O preço dessas assinaturas iniciais, bem mais baixo do que então custava um único CD, foi o argumento final para convencer o público a aderir.

“Você não sente que está gastando tanto, pois paga bem menos na assinatura. E mais gente passa a gastar. Vira hábito cultural, ninguém quer estar fora”, sentencia André Izidro.

EXPLOSÃO NAS RECEITAS

Fosse através de downloads, fosse através de um não inteiramente previsto streaming, um ponto acertado pelo relatório da OCDE foi a explosão das receitas digitais. Em 2005, elas representavam de 1% a 2% do total. Hoje, ultrapassam 80%. E o documento, de certa maneira, previa esse salto.

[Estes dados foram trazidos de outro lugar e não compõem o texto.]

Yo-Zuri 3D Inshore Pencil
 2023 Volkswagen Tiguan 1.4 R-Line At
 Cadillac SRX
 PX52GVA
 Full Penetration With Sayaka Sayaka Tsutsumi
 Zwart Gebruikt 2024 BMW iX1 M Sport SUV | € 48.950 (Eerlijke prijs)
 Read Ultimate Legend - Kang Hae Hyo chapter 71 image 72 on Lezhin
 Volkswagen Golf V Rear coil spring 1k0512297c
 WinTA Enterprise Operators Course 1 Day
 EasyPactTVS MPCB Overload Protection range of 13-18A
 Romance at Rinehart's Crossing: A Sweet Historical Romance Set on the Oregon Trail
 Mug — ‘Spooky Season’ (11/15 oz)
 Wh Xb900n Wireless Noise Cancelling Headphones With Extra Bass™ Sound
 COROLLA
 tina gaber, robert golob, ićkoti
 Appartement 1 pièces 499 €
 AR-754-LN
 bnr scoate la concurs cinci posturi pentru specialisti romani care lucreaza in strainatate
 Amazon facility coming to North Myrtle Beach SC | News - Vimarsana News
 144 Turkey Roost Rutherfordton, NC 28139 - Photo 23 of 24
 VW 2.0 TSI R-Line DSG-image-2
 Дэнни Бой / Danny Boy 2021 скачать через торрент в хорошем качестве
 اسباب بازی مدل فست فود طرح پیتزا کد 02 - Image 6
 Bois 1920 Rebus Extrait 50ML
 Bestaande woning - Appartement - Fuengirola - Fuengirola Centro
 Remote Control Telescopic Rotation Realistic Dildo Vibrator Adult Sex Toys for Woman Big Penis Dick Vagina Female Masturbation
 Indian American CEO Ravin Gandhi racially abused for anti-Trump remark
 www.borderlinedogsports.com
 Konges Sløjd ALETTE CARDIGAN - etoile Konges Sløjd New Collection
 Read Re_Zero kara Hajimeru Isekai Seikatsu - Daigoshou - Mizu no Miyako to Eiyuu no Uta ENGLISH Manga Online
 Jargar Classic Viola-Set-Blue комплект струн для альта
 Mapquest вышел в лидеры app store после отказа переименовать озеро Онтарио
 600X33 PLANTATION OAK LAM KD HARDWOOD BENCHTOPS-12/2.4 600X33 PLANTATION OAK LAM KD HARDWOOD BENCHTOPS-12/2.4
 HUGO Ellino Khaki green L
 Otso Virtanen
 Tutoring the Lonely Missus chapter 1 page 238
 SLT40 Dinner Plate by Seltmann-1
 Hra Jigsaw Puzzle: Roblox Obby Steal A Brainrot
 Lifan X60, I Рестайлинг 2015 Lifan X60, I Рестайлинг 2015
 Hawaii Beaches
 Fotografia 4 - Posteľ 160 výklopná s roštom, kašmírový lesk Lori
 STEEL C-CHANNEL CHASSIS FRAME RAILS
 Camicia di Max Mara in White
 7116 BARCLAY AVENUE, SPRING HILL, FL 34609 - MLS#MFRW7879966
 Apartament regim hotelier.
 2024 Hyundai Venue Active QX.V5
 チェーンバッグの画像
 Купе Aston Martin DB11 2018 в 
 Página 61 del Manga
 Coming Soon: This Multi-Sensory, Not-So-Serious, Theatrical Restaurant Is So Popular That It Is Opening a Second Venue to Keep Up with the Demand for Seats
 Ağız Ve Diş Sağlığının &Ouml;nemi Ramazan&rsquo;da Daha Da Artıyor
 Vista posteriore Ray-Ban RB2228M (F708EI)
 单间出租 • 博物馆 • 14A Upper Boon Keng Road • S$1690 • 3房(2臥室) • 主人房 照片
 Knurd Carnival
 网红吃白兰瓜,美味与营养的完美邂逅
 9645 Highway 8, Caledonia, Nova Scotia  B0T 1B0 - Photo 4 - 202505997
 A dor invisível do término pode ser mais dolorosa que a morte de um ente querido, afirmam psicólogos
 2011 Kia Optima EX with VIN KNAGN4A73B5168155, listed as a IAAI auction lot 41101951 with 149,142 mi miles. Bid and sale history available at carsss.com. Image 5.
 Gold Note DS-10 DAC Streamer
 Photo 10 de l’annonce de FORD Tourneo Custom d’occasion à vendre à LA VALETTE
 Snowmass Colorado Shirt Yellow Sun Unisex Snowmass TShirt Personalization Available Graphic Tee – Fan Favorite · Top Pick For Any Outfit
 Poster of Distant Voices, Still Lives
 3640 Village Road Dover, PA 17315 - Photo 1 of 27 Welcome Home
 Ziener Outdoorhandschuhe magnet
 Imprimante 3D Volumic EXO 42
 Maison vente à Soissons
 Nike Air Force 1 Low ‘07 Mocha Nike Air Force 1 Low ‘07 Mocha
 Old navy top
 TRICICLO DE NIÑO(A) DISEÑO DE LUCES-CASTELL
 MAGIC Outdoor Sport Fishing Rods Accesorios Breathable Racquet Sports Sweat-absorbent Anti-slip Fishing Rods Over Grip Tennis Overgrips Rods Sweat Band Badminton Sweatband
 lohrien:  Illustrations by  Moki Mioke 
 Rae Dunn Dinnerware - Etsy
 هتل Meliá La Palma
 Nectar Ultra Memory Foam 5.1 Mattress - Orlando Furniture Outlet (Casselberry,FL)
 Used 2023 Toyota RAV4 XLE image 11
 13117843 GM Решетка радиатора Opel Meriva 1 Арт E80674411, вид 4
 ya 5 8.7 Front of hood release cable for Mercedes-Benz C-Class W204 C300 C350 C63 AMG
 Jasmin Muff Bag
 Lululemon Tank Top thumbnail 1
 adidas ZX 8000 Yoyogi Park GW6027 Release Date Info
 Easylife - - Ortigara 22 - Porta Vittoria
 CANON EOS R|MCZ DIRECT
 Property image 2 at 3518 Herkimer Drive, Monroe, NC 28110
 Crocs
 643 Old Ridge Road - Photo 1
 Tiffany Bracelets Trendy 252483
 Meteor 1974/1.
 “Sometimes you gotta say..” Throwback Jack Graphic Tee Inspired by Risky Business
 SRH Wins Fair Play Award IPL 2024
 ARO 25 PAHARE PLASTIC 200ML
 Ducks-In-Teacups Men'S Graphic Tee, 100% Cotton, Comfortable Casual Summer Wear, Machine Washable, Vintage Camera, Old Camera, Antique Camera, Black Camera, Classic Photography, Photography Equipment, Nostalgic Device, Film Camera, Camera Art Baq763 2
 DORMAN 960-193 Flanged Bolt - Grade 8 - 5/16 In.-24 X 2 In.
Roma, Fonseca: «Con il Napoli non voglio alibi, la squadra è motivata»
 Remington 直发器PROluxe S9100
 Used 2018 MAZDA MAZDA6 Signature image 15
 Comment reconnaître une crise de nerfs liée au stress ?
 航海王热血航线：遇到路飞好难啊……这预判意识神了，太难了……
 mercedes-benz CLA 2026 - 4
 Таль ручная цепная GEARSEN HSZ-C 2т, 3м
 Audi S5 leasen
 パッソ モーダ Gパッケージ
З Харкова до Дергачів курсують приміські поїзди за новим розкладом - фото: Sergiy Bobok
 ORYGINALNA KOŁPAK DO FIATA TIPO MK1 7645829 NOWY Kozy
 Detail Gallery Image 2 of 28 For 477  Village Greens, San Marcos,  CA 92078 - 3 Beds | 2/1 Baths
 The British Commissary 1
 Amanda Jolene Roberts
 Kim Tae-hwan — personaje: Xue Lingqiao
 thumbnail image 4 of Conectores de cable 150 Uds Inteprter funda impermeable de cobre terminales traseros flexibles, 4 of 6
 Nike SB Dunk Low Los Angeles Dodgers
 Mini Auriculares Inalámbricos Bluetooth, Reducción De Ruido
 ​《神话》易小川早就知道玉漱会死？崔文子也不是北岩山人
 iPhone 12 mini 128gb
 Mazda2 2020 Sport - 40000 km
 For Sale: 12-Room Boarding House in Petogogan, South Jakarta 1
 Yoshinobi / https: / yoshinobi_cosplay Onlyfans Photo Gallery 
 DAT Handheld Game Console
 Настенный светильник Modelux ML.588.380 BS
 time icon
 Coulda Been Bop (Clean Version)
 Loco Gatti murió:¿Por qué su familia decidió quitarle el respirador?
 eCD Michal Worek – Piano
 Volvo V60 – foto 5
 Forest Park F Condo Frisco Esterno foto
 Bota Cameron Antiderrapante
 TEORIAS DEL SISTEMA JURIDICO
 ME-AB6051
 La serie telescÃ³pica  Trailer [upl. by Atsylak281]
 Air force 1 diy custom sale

“Mas nem todos, claro, ganharam com essa transformação. Compositores e músicos acompanhantes perderam. Antes, já recebiam um fixo alto de cara. Hoje, recebem mais parcelado, e dependendo de plays. O produtor, por exemplo, agora precisa brigar para ter royalty”, aponta Izidro, que pondera: ao mesmo tempo, a digitalização também permitiu maior autonomia para artistas independentes. “Metade da receita paga pelo Spotify no ano passado foi para artistas independentes. Hoje, você negocia diretamente com distribuidoras. Em alguns casos, o artista pode ficar com até 70%.”

DIVERSIDADE MUSICAL

Sobre diversidade, o relatório acertou ao prever que o digital, pelo menos num primeiro momento, ampliaria a variedade de gêneros e nichos. Mas, com o tempo, a tendência é que fórmulas de sucesso se repitam de maneira exponencial, ainda mais do que antes da era digital.

“É a aposta mais fácil e barata para a gravadora. Até há muita diversidade nas plataformas, claro, cabe tudo ali. Mas as músicas mais consumidas, e que mais recebem royalties, são aquelas que repetem certo padrão. Se a indústria não se cuidar, vai acabar morrendo de tanto repetir fórmulas de sucesso”, provoca Brandão.

Para evitar isso, Izidro pede mais regulação e políticas públicas:

“Uma política que garanta a aplicação de (parte da) receita (das plataformas) no desenvolvimento da música, de novos nichos, gêneros, artistas. A indústria musical formal, em muitos sentidos, virou banco, só faz aposta sem risco. Antigamente a gravadora apostava em 30 artistas para 3 darem certo. Hoje, só se investe no que já deu certo. Isso é perigoso. O futuro da música depende de inovação constante.”

A visão da OCDE de que a música anteciparia transformações que alcançariam outras indústrias de conteúdo também se confirmou. Streaming de vídeo, podcasts, games online: todos seguiram a lógica do acesso. Até que uma nova transformação, a ser prevista (ou não) num novo relatório, mude tudo completamente outra vez.